Read El Reino de los Zombis Online
Authors: Len Barnhart
Ya casi había llegado la hora, el día del Juicio Final era inminente. Pronto ocuparía su lugar legítimo como autoridad suprema, el lugar que le pertenecía. Lo sabía todo sobre el pecador, sobre el modo de guiarlo. Se alegraría cuando todo hubiera terminado y pudiera relajarse un poco. Los muertos estarían muertos una vez más y él se apropiaría de la casa más grande del condado, quizá incluso decidiera ir a Washington, a vivir en la Casa Blanca y construir un imperio. ¡Un reinado de mil años!
Pronto, pensó. Pronto lograré lo que sé que quiere mi Padre Sagrado. El reinado de los muertos llegará a su fin y comenzará el mío.
El doctor Brine envolvió con cuidado la mano de Chuck con vendas limpias. Llevaba guantes quirúrgicos para protegerse de la posibilidad de que el virus lo infectara a él a través del contacto con la piel.

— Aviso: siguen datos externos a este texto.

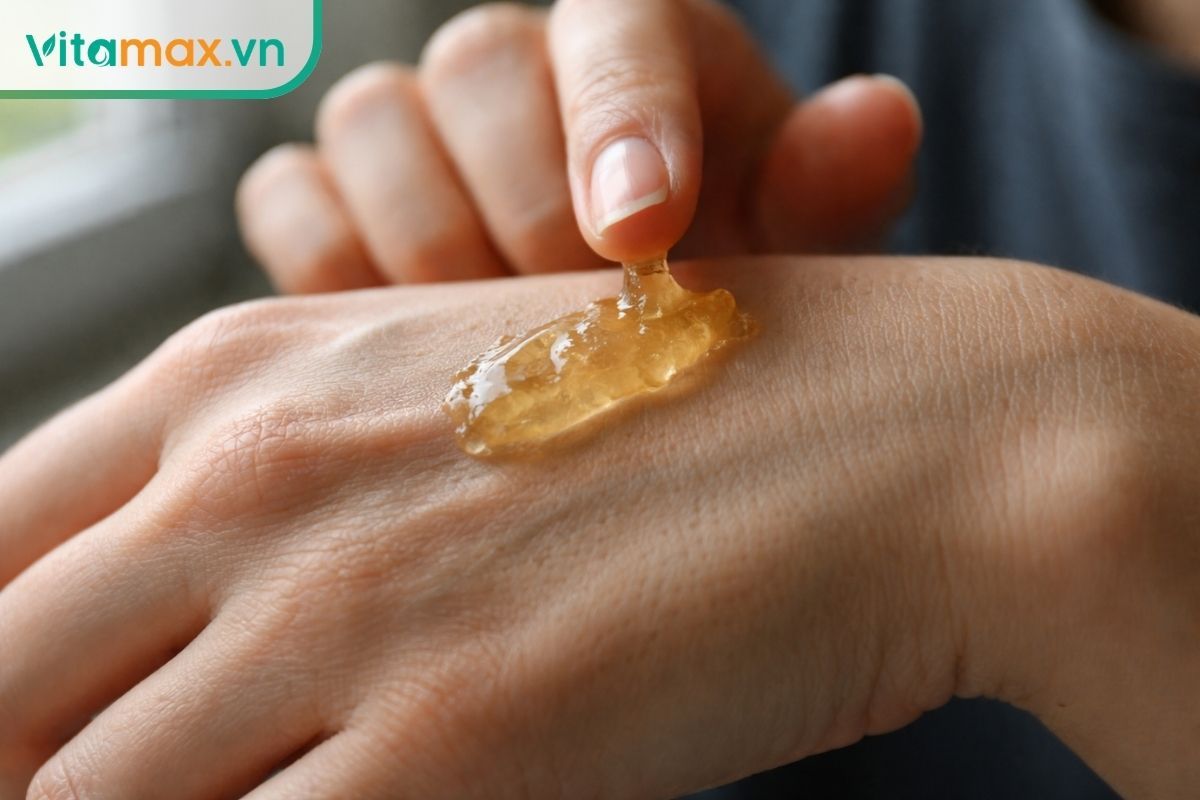 Bôi thử một lớp mỏng hỗn hợp nha đam ngâm rượu mật ong lên mu bàn tay để kiểm tra tình trạng kích ứng.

Chuck se removía y estremecía al menor roce del anciano médico rural. La mordedura había hecho que se le hinchara todo el brazo y que se le pusiera de un profundo color azul. El dolor era insoportable. Ni siquiera la morfina hacía mucho por aliviar su sufrimiento.
Había dormido toda la tarde y toda la noche, algo que les había pedido que no le dejaran hacer. Era consciente de que no le quedaba mucho tiempo y no quería pasarse dormido sus últimas horas. Se aseguró a sí mismo y a todos los demás que no le volvería a pasar.
El doctor Brine puso el brazo herido de Chuck en un cabestrillo y después se acercó al armario de las medicinas y regresó con varias pastillas en un frasco.
—Toma —dijo al darle el frasco—. Cuando empiece a dolerte, tómate una.
Chuck cogió el bote con la mano buena.
—¿Qué son?
—Percodán.
—No me dormirá, ¿verdad?
—Si quieres dormir, tómate tres.
—No quiero dormir.
—Entonces tómate una o dos.
Chuck se metió el frasco en el bolsillo de la camisa, se bajó de la camilla de reconocimiento y recogió sus cosas. Lo único que quería era volver a trabajar y mantenerse ocupado para no pensar en el brazo dolorido y en el destino que le esperaba.
—¿Hijo? —dijo el médico—. Cuando sea hora de dormir, tienes que volver aquí. ¿Entiendes?
Chuck asintió. Pues claro que lo entendía. Si moría mientras dormía, tenía que haber alguien por allí para levantarle la puñetera tapa de los sesos de un tiro.
Jim estaba en la cafetería tomándose su café matutino cuando entró Chuck. Le extrañó ver a su amigo y le sorprendió todavía más ver el precio que se había comenzado a cobrar la mordedura del zombi. Tenía el rostro ceniciento y bolsas oscuras bajo los ojos.
Chuck se acercó a la máquina de café sin una sola palabra, se sirvió una taza humeante y después se sentó frente a Jim. Por un momento, ninguno de los dos dijo una sola palabra. Con una sonrisa forzada, Chuck se inclinó sobre la mesa hacia Jim.
—¿Y quién va a ganar la Superbowl este año?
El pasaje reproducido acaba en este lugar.